By Indrani Bagchi
Economic TimesAugust 26, 2000
A recent move by the IMF to link external assistance to elimination of corruption is unlikely to find favour in the corridors of government here.
Addressing a conference in Washington, deputy managing director Stanley Fischer and advisor Ratna Sahay made a strong case for developing governments to undertake political reform programmes which would not merely improve governance but take care of the scourge of corruption.
"External assistance can encourage transparency and strengthen institutions by making future assistance conditional on progress in these areas," they said.
India has always preferred to keep a rather low profile on such international exhortations, preferring to let these storms blow over.
Featuring near the bottom of the pile on corruption indexes by Transparency International, most governments would rather shut the whole thing out of the collective consciousness.
On principle though, India has always opposed linkages to development assistance, as it opposes linkages between trade and labour standards.
However, the IMF's declared stand has made Indian policymakers wonder whether corruption would find a place in the agenda of the forthcoming autumn meeting of the Fund/Bank, which would actually necessitate a declared Indian position.
In such a scenario, government sources aver, the full force of Indian diplomatese would come into play — with India opposing any move on grounds of technical definitions, quantification of corrupt practices and criteria for definition, even taking recourse to sovereignty issues.
India will also question the legitimacy and ability of external agencies to pressure domestic institutions to tread the straight and narrow.
It is hardly a pioneering effort by the IMF. It was on August 4, 1997 that IMF started its crusade against corruption with its paper, The Role of the IMF in Governance Issues.

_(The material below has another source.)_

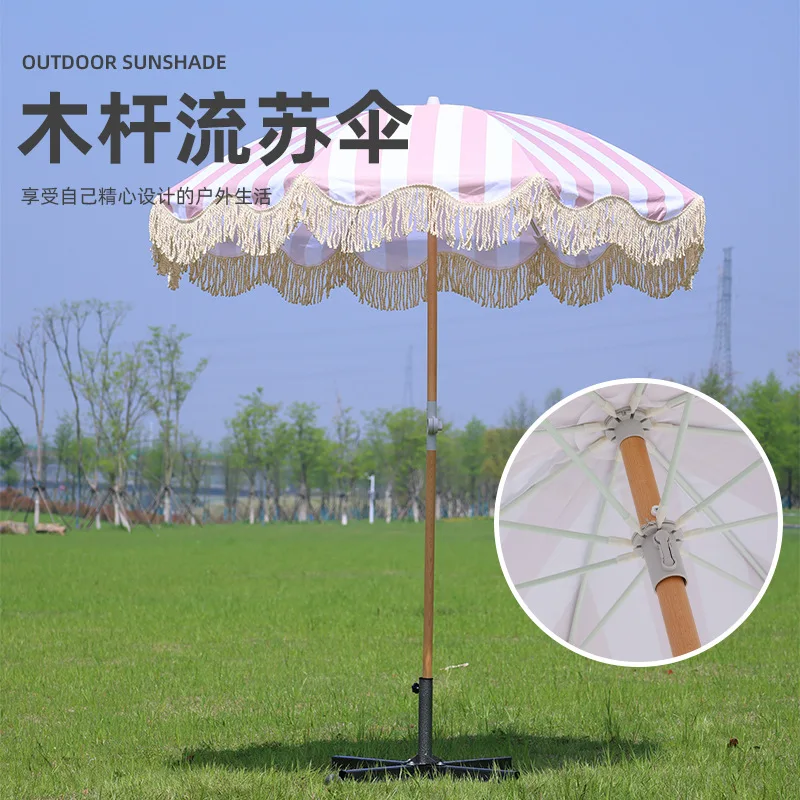 

Wooden pole fringed umbrella outdoor sun protection beach umbrella big sun umbrella beach seaside pool courtyard camping parasol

They were quickly followed by the World Bank (Helping Countries Combat Corruption) and the OECD (Combating Bribery in International Business Transactions).
So far it has been possible to put restraints on transnational companies, especially of US origin, to adhere to the 1977 US Foreign Corrupt Practices Act which prosecutes companies found bribing in foreign lands.

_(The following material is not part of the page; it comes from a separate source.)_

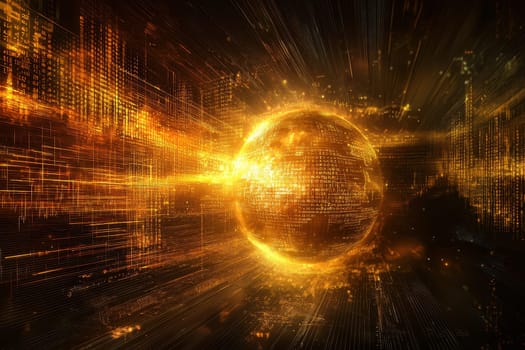 A golden sphere is surrounded by a glowing, swirling mass of lines and dots. Concept of chaos and energy, as if the sphere is being pulled in all directions by the surrounding patterns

Last year's OECD convention eliminating a practice of writing off bribery as business expenses was a result of sustained lobbying by successive US governments to follow the same route.

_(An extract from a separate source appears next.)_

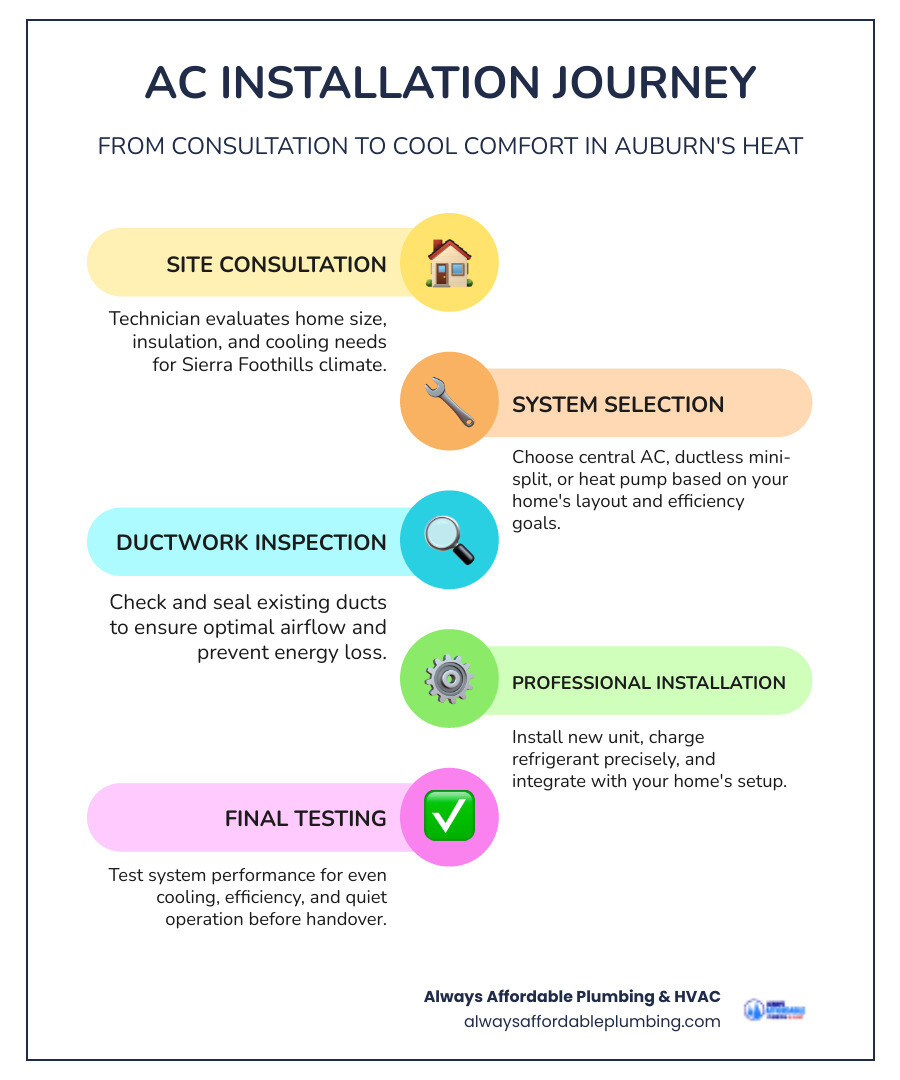 Infographic showing the AC installation journey from consultation to final cooling in Auburn CA - ac installation services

US companies have complained bitterly over the years against the FCPA and a study by the US department of commerce estimated that US business lost about $45 billion in contracts lost due to international corruption.
However, in 1999's Bribe Payer's Index by TI, the US ranked ninth, a glaring instance of the near impossibility in policing noble intentions unilaterally.
The World Bank has tried, beginning by defining corruption as "using public office for private gain." In 1996, while awarding road-building contracts in India, the World Bank made transparent bidding procedures a mandatory pre-requisite for disbursing loans.
The developed world, which has been approached often enough to bail out poor countries especially in Asia, sub-Saharan Africa and Latin America have railed against the rampant corruption that has rendered all such action useless.
However, developing countries have a different story to tell. They say rich countries are increasingly feeling the constraints of tighter money supply which makes the spare cash for poorer nations more difficult to access as well as justify to their own people.
Hence the fallback options of corruption and poor governance is used to kill aid efforts. This, according to sources, even goes against a UN resolution that asks richer countries to commit 1 per cent of their GNP as assistance to poor countries.
Even in poor countries, there is a greater clamour for cleaner public life as forces of democracy and globalisation sweep the developing world. This was endorsed by Stan Fischer.
"Much remains to be done, particularly in restructuring industrial and banking sectors, eliminating problems of non-payment, reforming the tax system, strengthening the social safety net, and reforming agriculture."
The exact scale of bribery and its impact on global economic activity is unknown. The World Bank says that if bribes equalled 5 per cent of inward direct investment and imports into developing countries they would total almost $80 billion annually.